Another possibility pointed out by Sarada is to replace the conjunction by just comparison.
Instead of
equal = equal && (s1.charAt(i) == s2.charAt(i));
have
equal = (s1.charAt(i) == s2.charAt(i));
because the return statement above ensures that the boolean variable is always true just before the character comparison. We have two reasonable different programs.

Saurya's program:
public static boolean itercheck(String s1, String s2) {
boolean equal = true;
for (int i=0; i < s1.length(); i++){
   equal = equal && (s1.charAt(i) == s2.charAt(i));
}
   return equal;
}

Sarada's program:
public static boolean itercheck(String s1, String s2) {
boolean equal = true;
for (int i=0; i < s1.length(); i++){
if(!equal) return false;
   equal = (s1.charAt(i) == s2.charAt(i));
}
   return equal;
}

The student's program combines two reasonable ideas to produce a buggy program.

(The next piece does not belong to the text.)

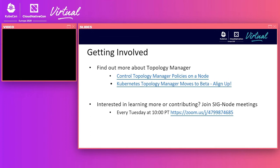Regarding which OpenShift version will have Topology Manager as GA: Topology Manager is GA in OpenShift 4.6. Regarding the slides for this presentation, they are available on the schedule or agenda page.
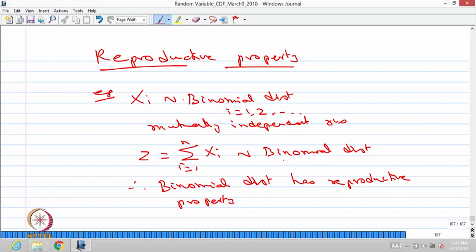Similarly, the Poisson distribution also has the reproductive property. However, the Bernoulli distribution does not have the reproductive property, because if you have n mutually independent Bernoulli distributed random variables and you make a summation, the result follows a binomial distribution — not a Bernoulli distribution. Therefore, Bernoulli distribution does not have a reproductive property. Similarly, for continuous distributions, if you have independent normal random variables and make a summation, that also satisfies the reproductive property — the sum is again a normal distribution.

My guess is his thinking was close to Sarada's program and probably forgot to include the if statement but went ahead with testing and felt good about many tests passing and submitted the faulty code.

Saturday, April 12, 2014

Coffeescript oneliner for square root calculation

To calculate square root of a number.

coffee> srr = (x,est) -> if Math.abs(est*est - x) < 0.0005 then est else srr x, (est + x/est)*0.5

[Function]

coffee> srr 2,1

1.4142156862745097

Easy translation from English to code.

If the square of a given estimate is within the tolerance of 0.0005 from the number, then the given estimate is the result, otherwise the result is the one given by the function with a new estimate which is the average of the given estimate and the quotient of the number divided by the given estimate.

Fairly declarative reading. If we do minimum necessary operational reasoning we can have an iterative formulation instead of the above recursive formulation.

If the square of a given estimate is within the tolerance of 0.0005 from the number, then the given estimate is the result, otherwise update the estimate by a new estimate which is the average of the given estimate and the quotient of the number divided by the given estimate and repeat the process until the tolerance is achieved.

Or equivalently, we can say while tolerance is not achieved, update the estimate.

Code in sri.coffee file indented as required by coffeescript

sri = (x,est) -> while Math.abs(est*est - x) > 0.0005

est = (est + x/est)*0.5

console.log(sri 2,1)

Let us execute this.

$ coffee sri.coffee

[ 1.5, 1.4166666666666665, 1.4142156862745097 ]

It is the peculiarity of while loop of coffeescript the result returned is an array of all estimates.